Mexicans say they are unprepared for the influx of hundreds of thousands of migrants.

“Not in any way, shape or form,” said the Rev. Patrick Murphy, a priest who runs the Casa del Migrante shelter in the border city of Tijuana, which currently houses about fifty-five Haitian immigrants.

Mexicans are anxious about the prospect of hundreds of thousands of foreigners coming into a border region already struggling with drug gangs and violence.

“Just look at the case of the Haitians in Tijuana – what were they, seven or eight thousand? And the situation was just out of control,” said Alejandro Hope, a Mexico City-based security analyst. “Now imagine a situation 10 or 15 times that size.
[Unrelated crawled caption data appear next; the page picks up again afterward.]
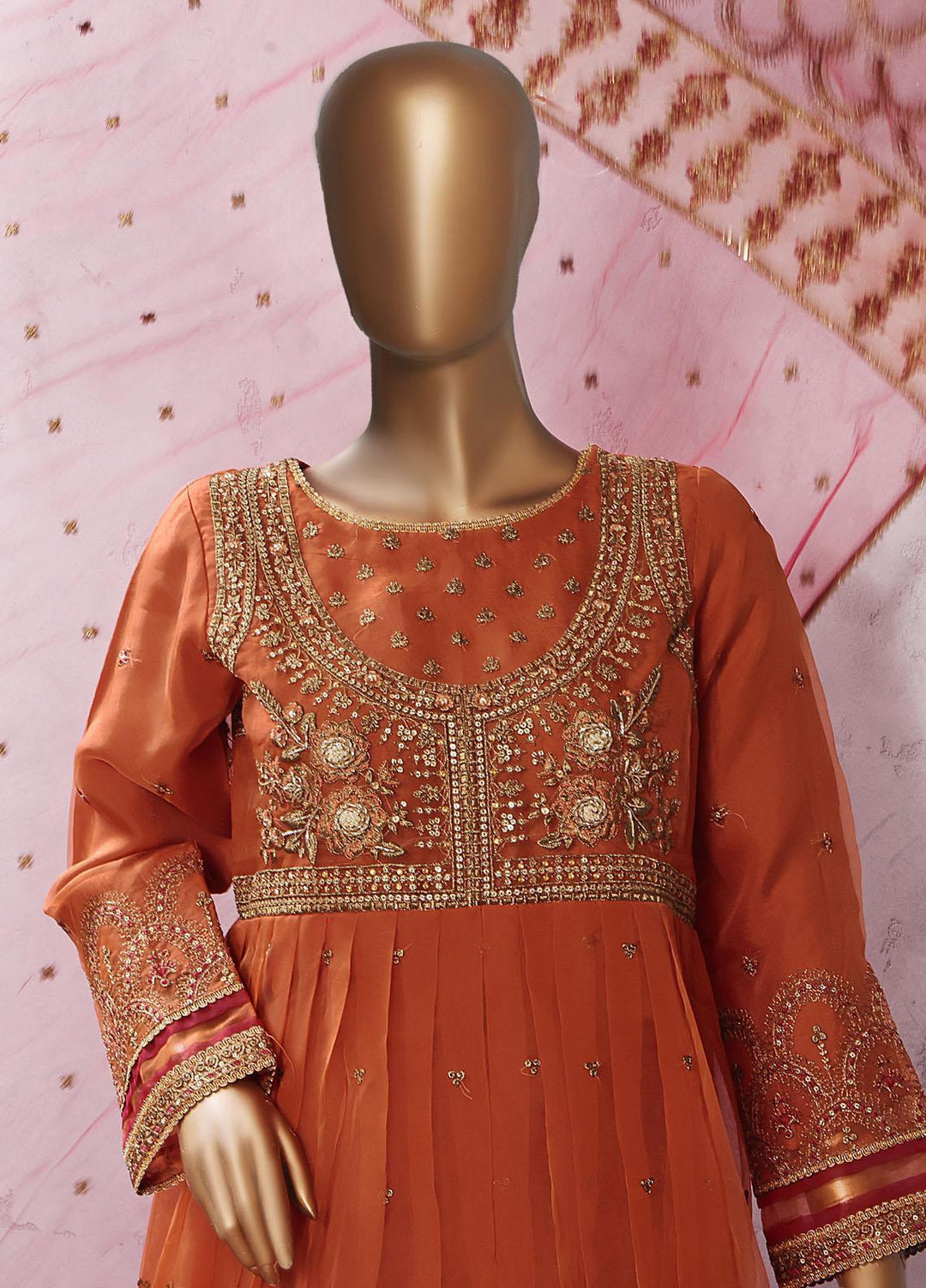 HZ Textiles Luxury Pret Embroidered Organza 2 Piece Suit HZ22PRT HZK 48 A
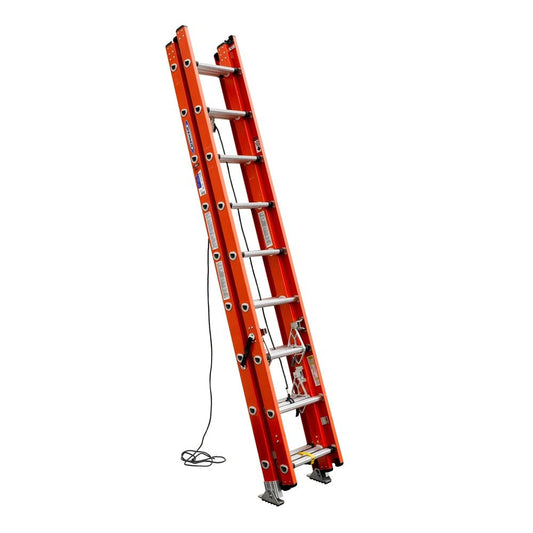 Werner D6200-3 24-ft Fiberglass Type 1a- 300-lb Load Capacity Extension Ladder D6224-3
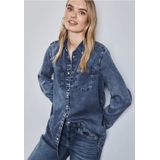 Street One - Denim Overhemd - Blauw - Dames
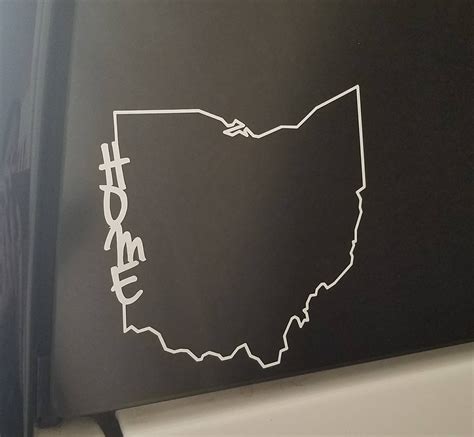 Ohio Car Decal Home Decal Ohio Car Sticker Home Car | Etsy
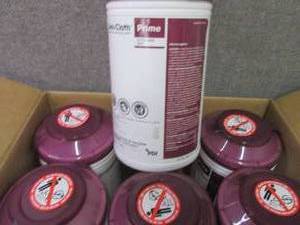 lot 319 image: Case of 6 -70ct Canisters Sani-Clot...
There aren’t enough resources to maintain them.”

Legal analysts say that it is not clear whether the United States has the authority to force Mexico to accept non-Mexican nationals.

Victor Clark, director of Tijuana’s Binational Center for Human Rights, said Mexico could simply refuse to accept non-Mexican deportees. “They come through one by one, and when the Mexican immigration agent sees a person who isn’t Mexican, he tells the Ice agent: ‘I can’t accept this person, he’s not Mexican,’ and they return him to the United States.”

The United States may offer to pay to build the holding facilities for the migrants. Experts note that Turkey has agreed to house Syrian refugees headed for the European Union in exchange for at least $3 billion in aid.

“For this to be politically acceptable in Mexico, it would have to be paid,” said Hope. “No Mexican administration could accept this kind of thing unless it were accompanied by billions of dollars.”

There are also precedents in Mexico for refugee camps. In the 1980s and 1990s, Mexico took in about 70,000 Guatemalans fleeing civil war in their country. With UN help, camps were set up in the southern states of Chiapas, Campeche, and Quintana Roo. When peace accords were signed in Guatemala in the mid-1990s, almost 43,000 refugees and their children went home, but more than 30,000 Guatemalans and their children born in Mexico decided to stay.

Mexicans are worried that the same would happen with other migrants being housed in Mexico.

“You know, a lot of Central Americans would rather be deported to Mexico than their own countries,” Rev. Murphy said.